Talking about mental health – three simple things any workplace can do

 In Blog, CEO's blog

Last week (and this week) are mental health awareness week and ELBA has been participating in the new Green Ribbon campaign. The idea is to get people talking about mental health and to end the stigma that is attached to it. The Green Ribbon campaign has been launched by the Lord Mayor’s Appeal, and is part of the This is Me initiative, which features senior leaders from major corporations talking about their own experience of mental ill-health – and how they got better or found coping strategies. Many ELBA corporate partners are involved in the This is Me campaign, and hopefully 50,000 people wearing green ribbons on their lapels will stimulate more conversations and a gradual widening of the debate.

For employers, mental ill-health has a real cost beyond just the personal trauma.
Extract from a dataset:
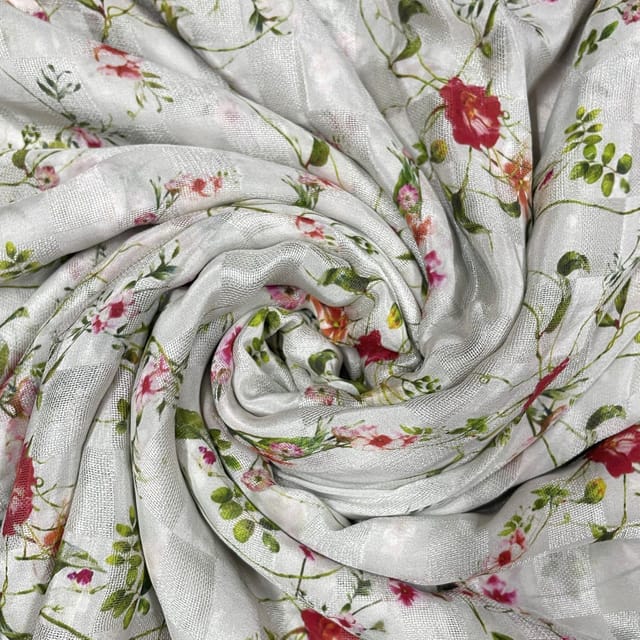 White Colour Pure Silk Checknet Printed Fabric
A 2014 report by the GLA estimated that £1.9 billion is lost each year in London to reduced productivity arising from mental ill health – a combination of sickness absence, presenteeism and the lost productivity that arises when departing workers have to be replaced by new recruits.
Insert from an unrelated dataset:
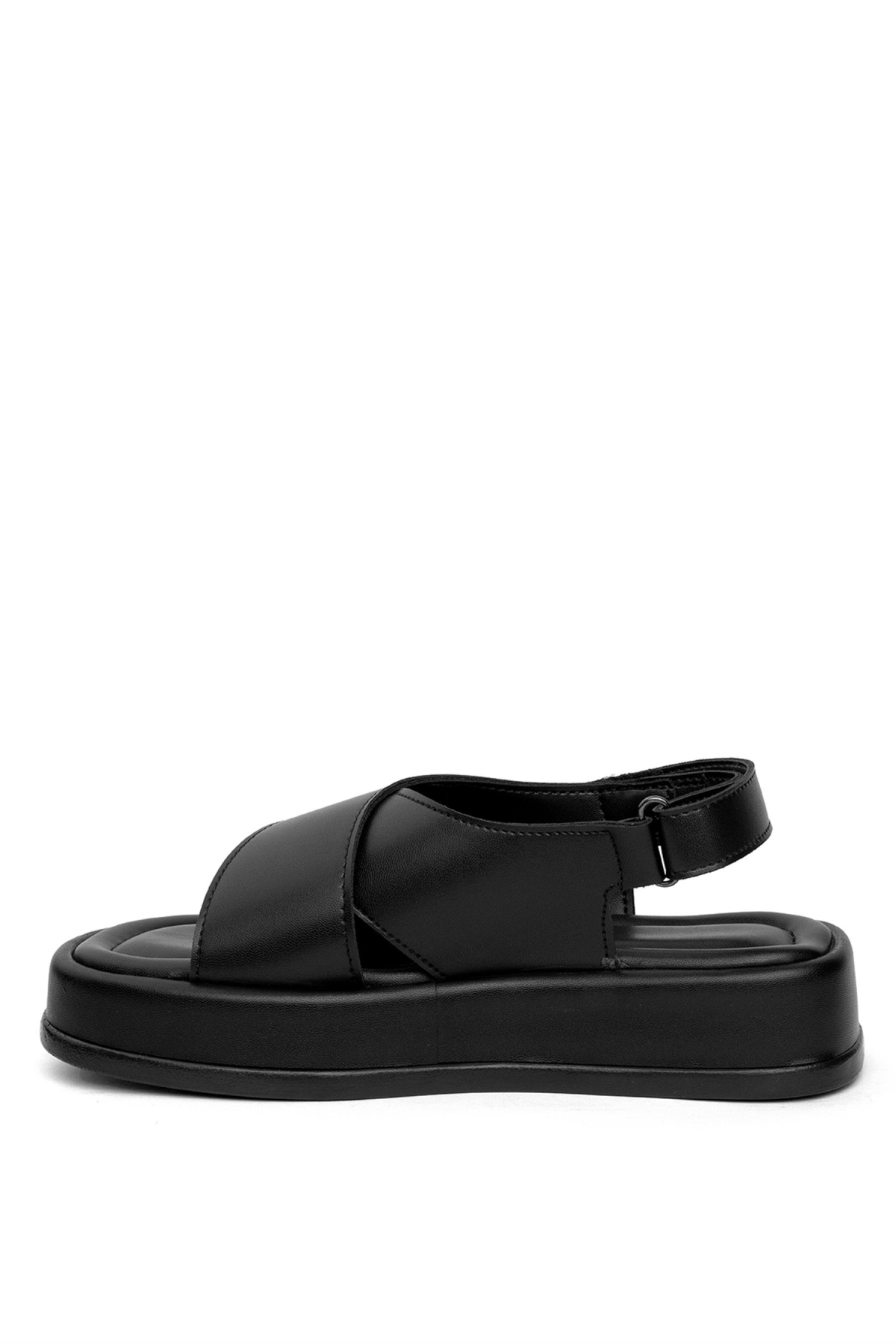 Elit END757 Kadın Düz Sandalet Siyah - Görsel 5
Larger employers have adopted in-house wellbeing programmes to help keep their workforce health and productive. Increasing numbers are giving their line managers mental health training – and just last month we heard that Mental Health First Aid (MHFA) England are now training around 10,000 people in Mental Health First Aid every month. But what can smaller employers do? Even pretty big medium sized companies sometimes struggle to find services that they can draw in to help when an employee discloses or exhibits mental health problems, and if they find a suitable service, will it be able to respond quickly enough? It can leave employers in a position where even if they have goodwill and the right intentions, they may not handle the situation well and it can end in a messy tumbling out of work for the employee.

I was thinking of three things a smaller employer could do. Firstly, talk. In staff meetings, team briefings, pizza lunches – wherever your staff get together, senior leaders can encourage their staff to talk about mental health. People are never too shy to talk about their skiing accidents, bad backs or operations, so it shouldn’t be any different for mental health.
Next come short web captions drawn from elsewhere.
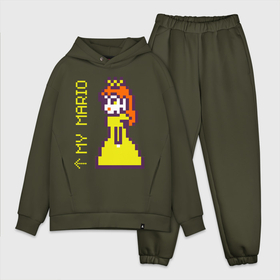 Мужской костюм хлопок OVERSIZE с принтом Принцесса Марио парная в Ханты-Майнсийске,  |  | my mario | my princess | для влюбленных | для двоих | любимая | любимый | мой марио | пара | парная | парочка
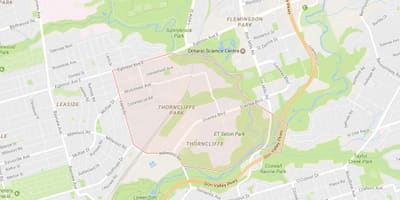Žemėlapis Thorncliffe Parko kaimynystės Toronto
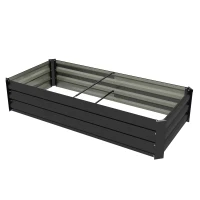 Outsunny Jardinière rectangulaire potager de jardin bac à fleurs en acier avec bordure de sécurité et fond ouvert noir(m-1)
Second, let the staff themselves come up with some ideas to promote wellbeing in the workplace. It might be some collective exercise sessions, or some group activities. At ELBA we have Midday Moves where one of the team will lead a few stretches and exercises to get people away from their screens, and we have a book club coming up, and a lunchtime session on yoga and laughter (might be too busy that day). There are loads of great ideas easily found on the internet.

Thirdly, review personnel and HR policies and practices now, before you might need them. Are mental health conditions recognised properly in the staff handbook, and do managers know how to react, when to refer and to who if cases of mental ill-health arise.

Three simple steps which don’t cost much, if anything. Doing them as part of mental health awareness raising seems a positive way to get involved in Mental Health Awareness week.